LANDSCAPE MANAGEMENT STRATEGIES
Many local authorities prepare Landscape Character Assessments to assist in the development of non-statutory countryside strategies or specific landscape strategies. Other initiatives like Indicative Forestry Strategies can also be informed by this tool. These exercises generally rely on analysis of key characteristics, understanding of the pressures causing landscape change, and the drawing up of landscape guidelines. Some studies develop these guidelines within strategies or objectives for individual landscape character types or areas, of the type described in Chapter 7.

Establishing a clear link between key characteristics, analysis of change and landscape guidelines is particularly important and is best achieved by the involvement of a range of stakeholders, especially those representing land management interests. There are many examples of Landscape Character Assessments being used in this way. In Scotland all the assessments which have formed part of the national programme, contain an analysis of the issues facing the landscape, and develop guidelines for conservation or enhancement which are not highly prescriptive but which indicate actions required. This approach has been used in the Council area assessments (Box 9.1) where it is common to prepare guidelines for each landscape character type, and in some smaller-scale applications (Box 9.2).
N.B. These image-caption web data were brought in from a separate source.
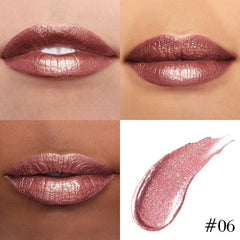 evpct lips before and after application demonstrating neat liner and luminous metallic gloss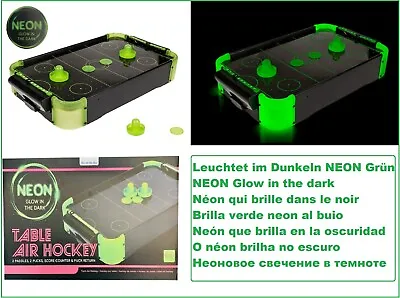 Air Hockey Mini Air Edition Glow IN The Dark Neon Green 19 1/2x12 3/16x3 7/16in • $33.52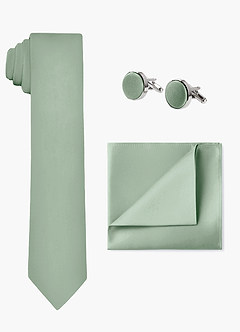 front Matching Stretch Satin Wide Tie & Pocket Square & Cuff Links Set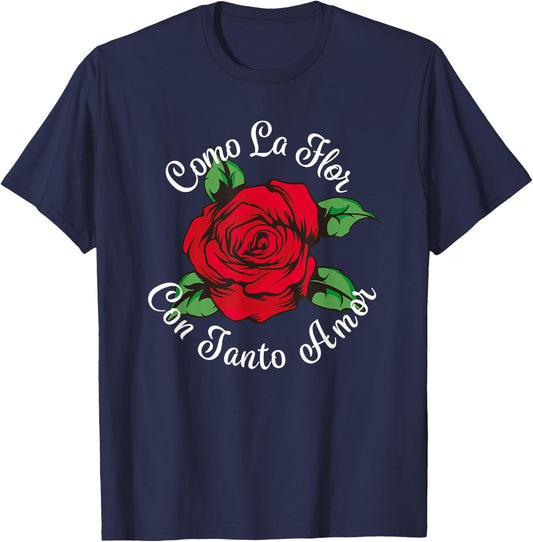 Como La Flor - Bailar Cumbia - Mexican Rose Fiesta Regalo T-Shirt - T-Shirt | Navy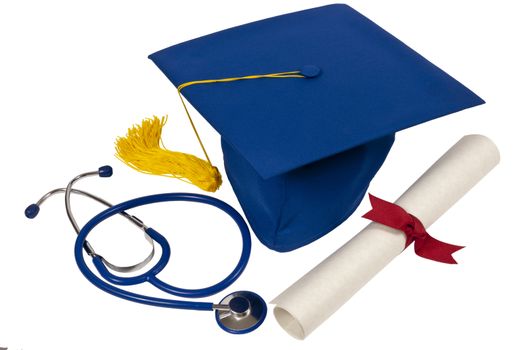 Blue graduation cap with stethoscope and diploma with gold tassel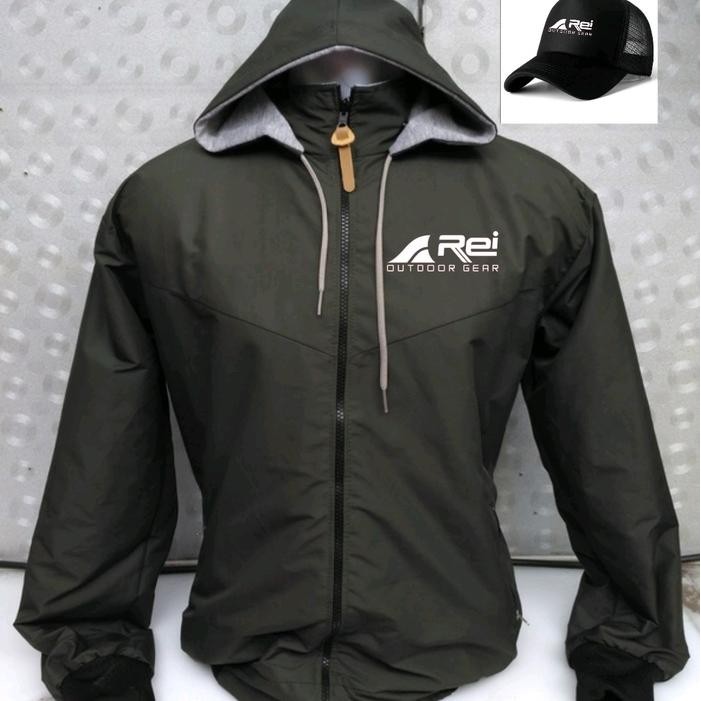 Jaket Parasut Waterprof Bolak Balik Logo Rei Bonus Topi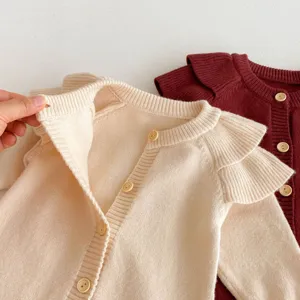 Infant baby knitted cardigan sweater cute ruffle sleeve romper for winter baby clothes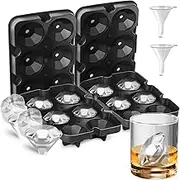 Diamond Ice Cube Molds (Set of 2) Whiskey Ice Cube Tray ，Ice Cube Maker Tray,Diamond Silicone Ice Cube Molds with Lids,Reusable and BPA Free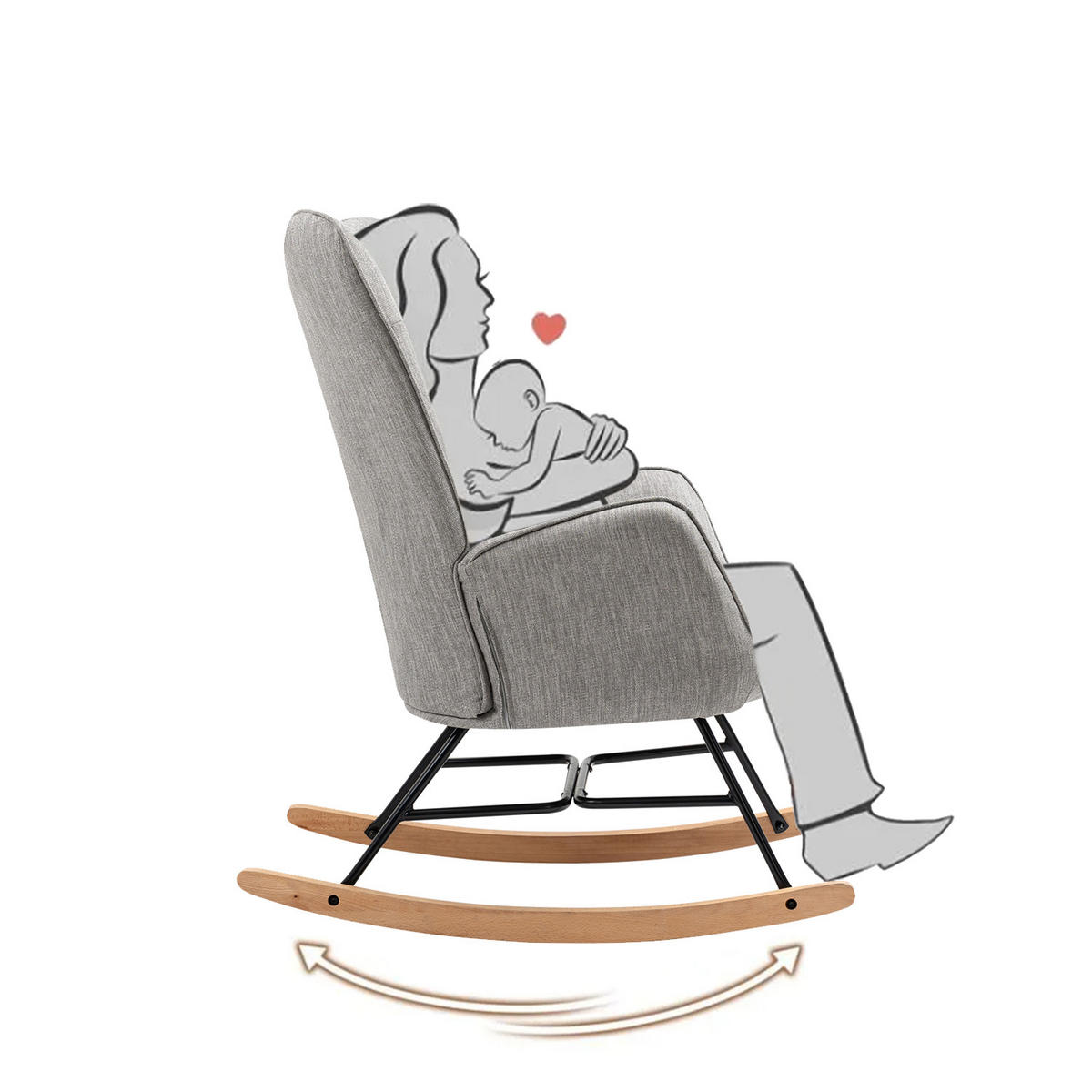 SCHAUKELSTUHL, Metall, Grau - Hellgrau, Holz/Textil (66/97/84cm) - Meubles Cosy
In England many counties have prepared landscape guidelines. In the Warwickshire Landscape Assessment, strategies and guidelines were prepared for landscape character types in each of the countryside character areas within the county, helped by a series of workshops involving all the main stakeholders with an interest in the Warwickshire countryside. A project officer was subsequently employed to facilitate implementation of the guidelines by working with stakeholders, including local parishes. This exercise encouraged discussion and interpretation of the landscape guidelines at the local level.